The film was received by the cinema on 22 January, but when a press release was sent to the company on Tuesday it decided to "review the intentions of the event."
A spokeswoman for the cinema said: "While it is not our intention to censor content, in some instances, where we feel an activity is in direct contradiction to Vue's values, a decision will be made to refrain from allowing a private event to go ahead."
Core Issues Trust is now seeking advice from lawyers, and told the BBC it had 126 people attending the event from across the UK and other countries, including the Netherlands.
The group promotes "change-oriented processes" for "relationally and sexually damaged and wounded adults who seek wholeness".
It describes itself on its website as "a spiritual home... for believers and seekers who struggle with issues of sexual brokenness, including homosexuality".
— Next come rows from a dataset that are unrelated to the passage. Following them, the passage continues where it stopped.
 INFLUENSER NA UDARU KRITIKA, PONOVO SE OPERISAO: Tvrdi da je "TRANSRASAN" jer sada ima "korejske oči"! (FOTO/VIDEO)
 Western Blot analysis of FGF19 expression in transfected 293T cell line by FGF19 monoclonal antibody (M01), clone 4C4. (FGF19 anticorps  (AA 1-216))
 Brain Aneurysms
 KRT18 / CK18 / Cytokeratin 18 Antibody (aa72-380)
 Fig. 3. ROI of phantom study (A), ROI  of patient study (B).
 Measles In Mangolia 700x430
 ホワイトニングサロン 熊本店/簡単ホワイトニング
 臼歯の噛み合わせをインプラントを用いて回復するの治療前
Mike Davidson, who leads Core Issues Trust, told the BBC the film was not about a "gay cure" but "the rights of individuals to access help and support for unwanted homosexual feelings".
'Can't be cured'
Members of the LGBT community say the organisation's teachings are "unethical".
A spokesperson for campaign group Stonewall said: "It's disappointing that Vue Piccadilly would consider screening a documentary about so-called 'conversion therapy'.
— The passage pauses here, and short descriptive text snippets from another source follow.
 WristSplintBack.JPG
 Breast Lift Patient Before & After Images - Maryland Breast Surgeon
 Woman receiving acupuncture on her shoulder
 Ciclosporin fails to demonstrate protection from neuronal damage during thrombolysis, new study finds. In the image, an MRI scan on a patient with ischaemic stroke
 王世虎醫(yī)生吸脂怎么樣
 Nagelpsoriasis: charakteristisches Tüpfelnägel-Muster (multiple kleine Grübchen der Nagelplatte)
"LGBT people aren't ill. Being gay, lesbian, bi or trans is not something that should be 'cured' or changed.
"This unethical and degrading practice has been condemned by all major UK health organisations. It's shocking that Vue Piccadilly initially viewed this as a suitable film to screen."
Pink News launched a petition to get the screening cancelled after one of its former journalists received an invitation.
It said Vue had a "duty to ensure that material such as this is not shown on its screens" and that LGBT staff could "unwittingly be disturbed by the content".